------ DATA EXTRACTS
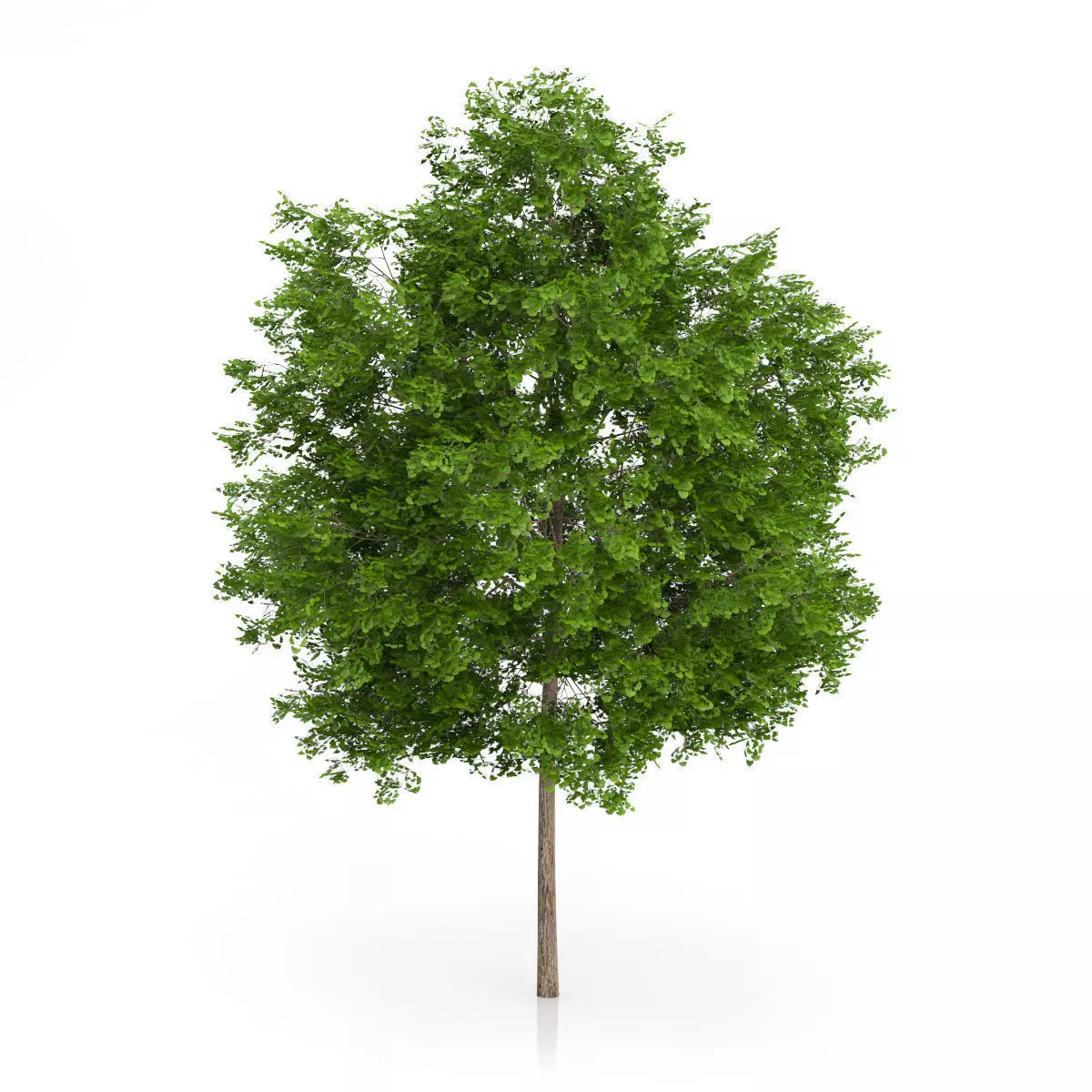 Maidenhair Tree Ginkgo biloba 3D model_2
------------
------ DATA EXTRACTS
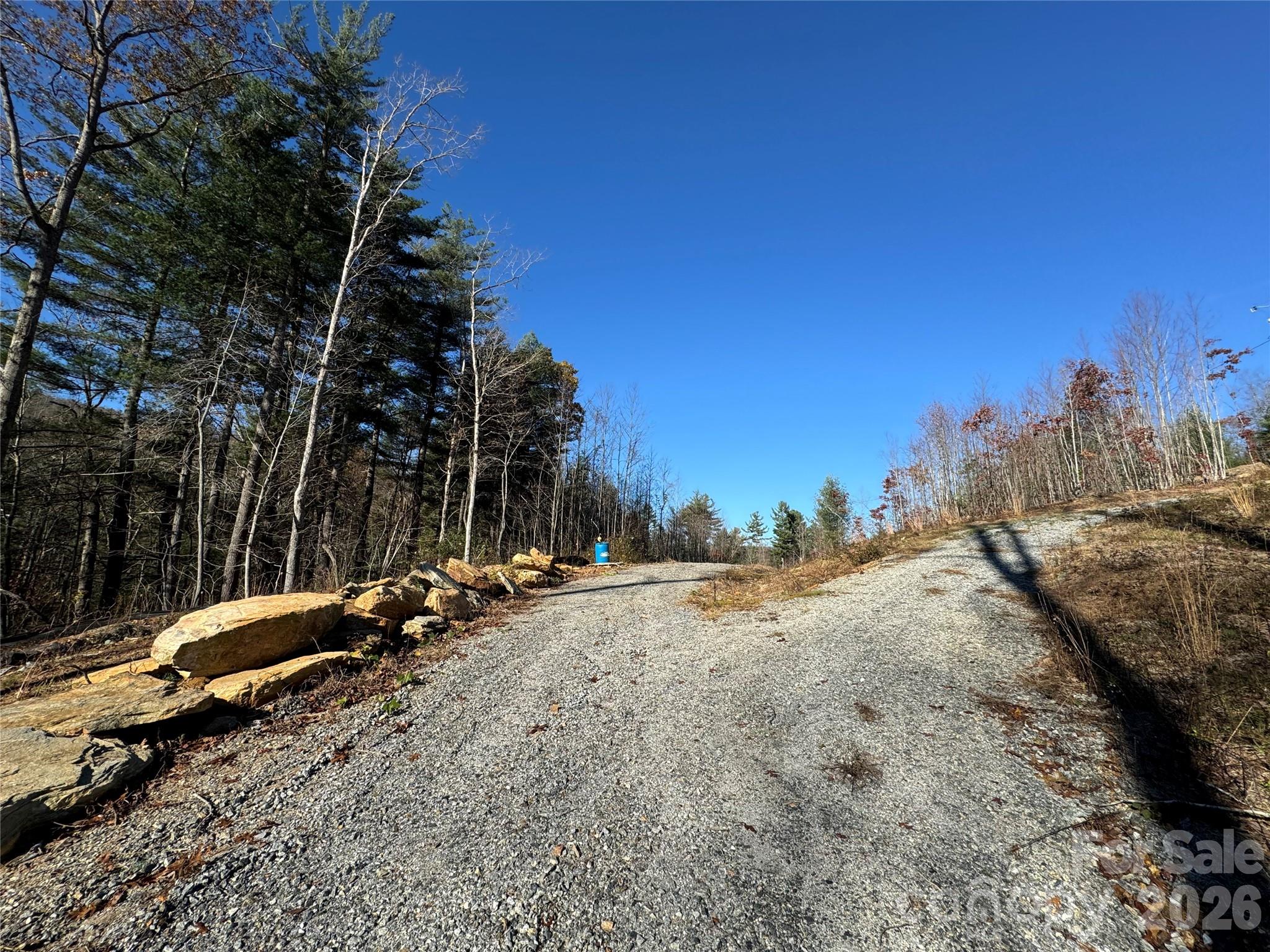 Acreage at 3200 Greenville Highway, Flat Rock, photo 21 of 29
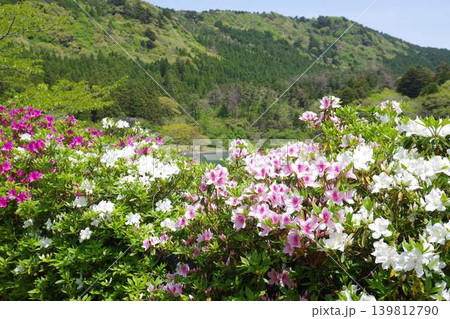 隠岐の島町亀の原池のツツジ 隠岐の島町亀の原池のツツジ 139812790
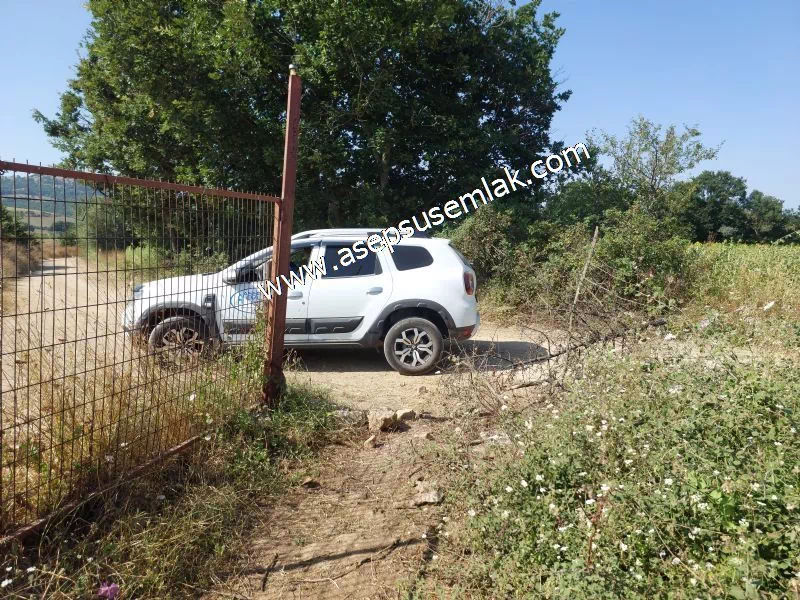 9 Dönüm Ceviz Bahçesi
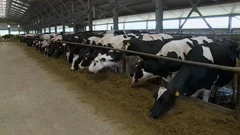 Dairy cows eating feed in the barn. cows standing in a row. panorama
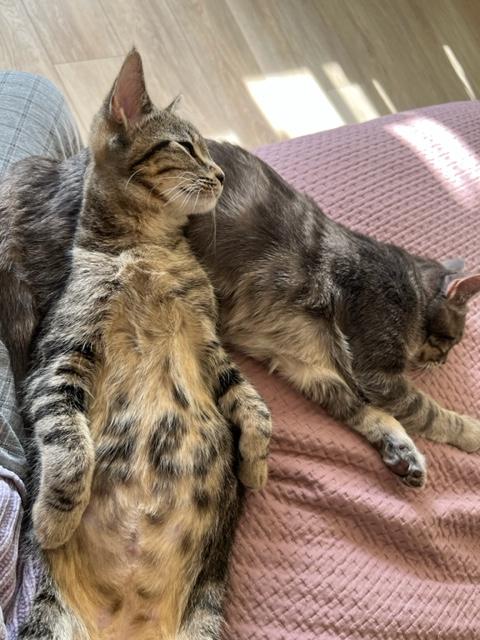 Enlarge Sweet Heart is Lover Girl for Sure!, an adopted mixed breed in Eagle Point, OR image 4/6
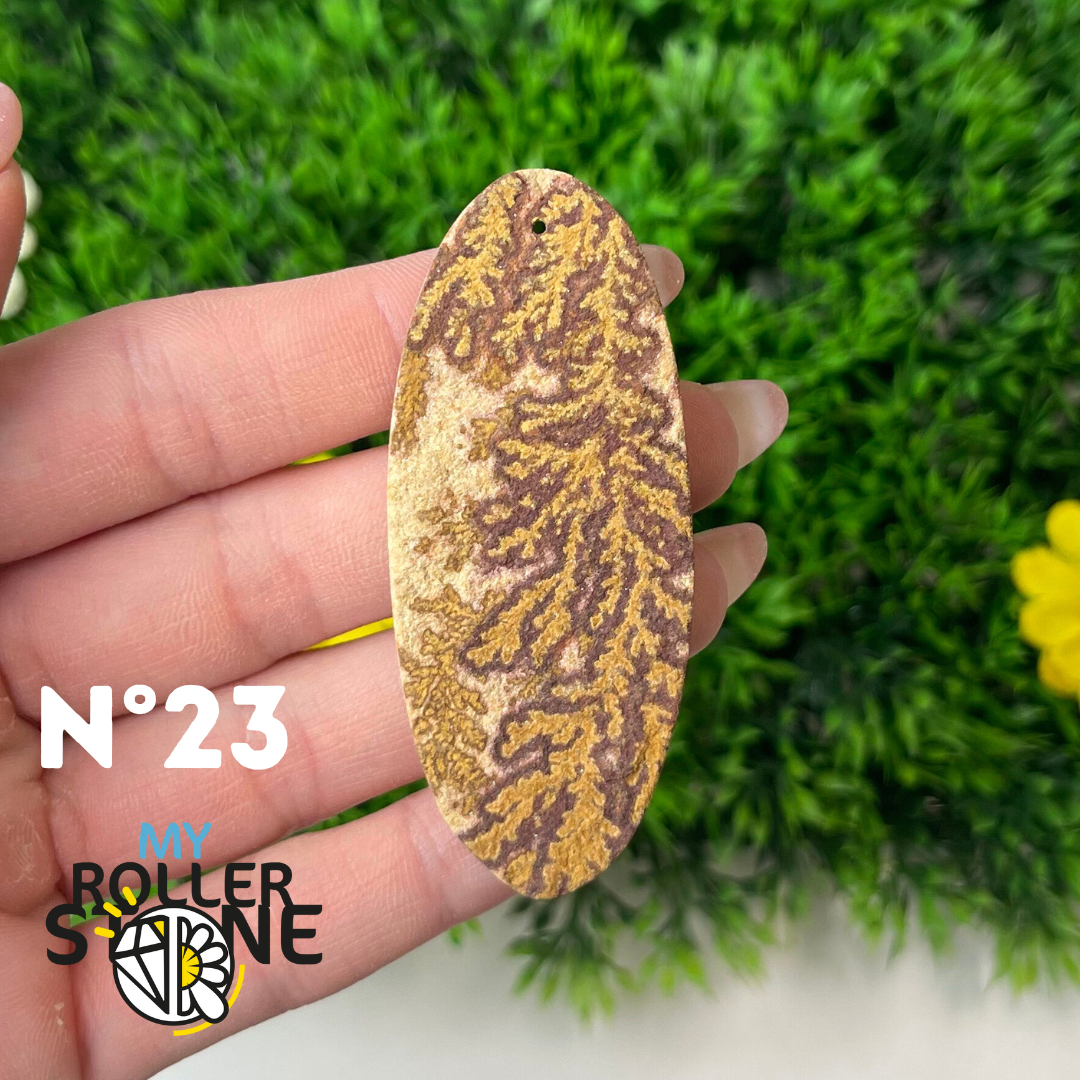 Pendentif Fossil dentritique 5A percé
------------
------ DATA EXTRACTS
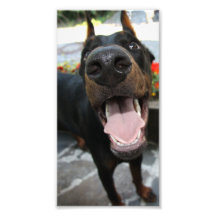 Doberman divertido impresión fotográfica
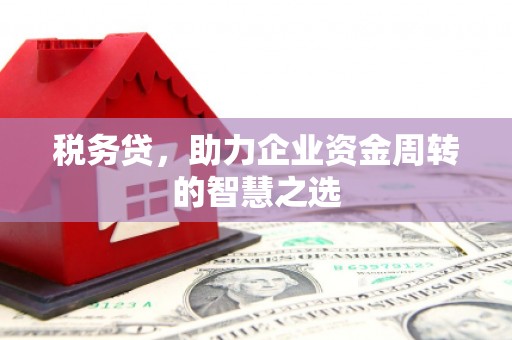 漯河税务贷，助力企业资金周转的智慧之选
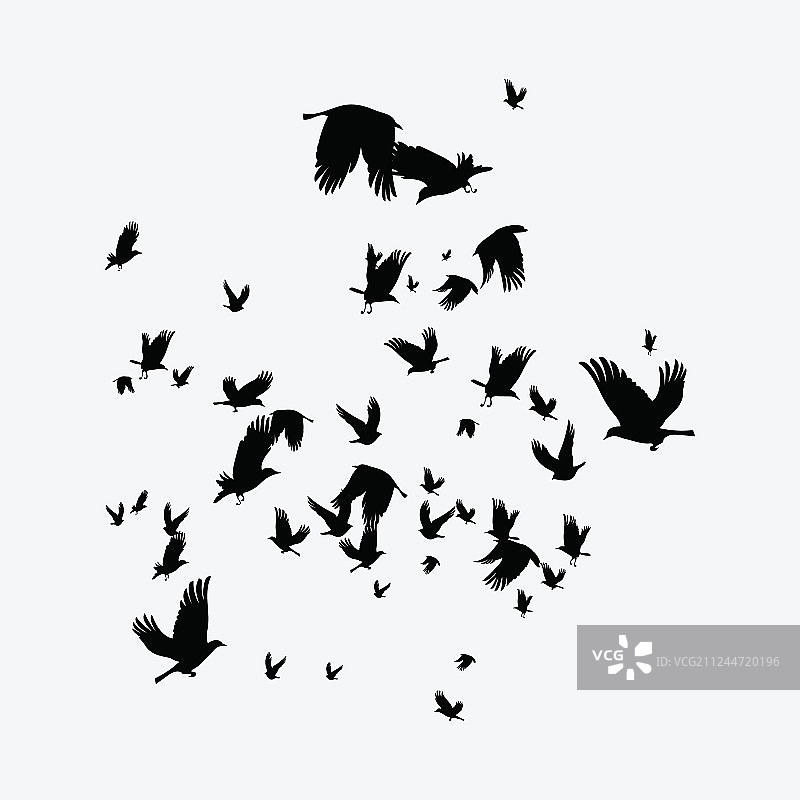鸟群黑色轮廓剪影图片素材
------------
▶ **WHAT YOU NEED TO DO**
Once the line with "Doberman divertido impresión fotográfica" is found above, print it and every line after it through the line with "鸟群黑色轮廓剪影图片素材", exactly. Pictures stay out.

▶ **ANSWER TO THE EXERCISE**
 Doberman divertido impresión fotográfica
 漯河税务贷，助力企业资金周转的智慧之选
鸟群黑色轮廓剪影图片素材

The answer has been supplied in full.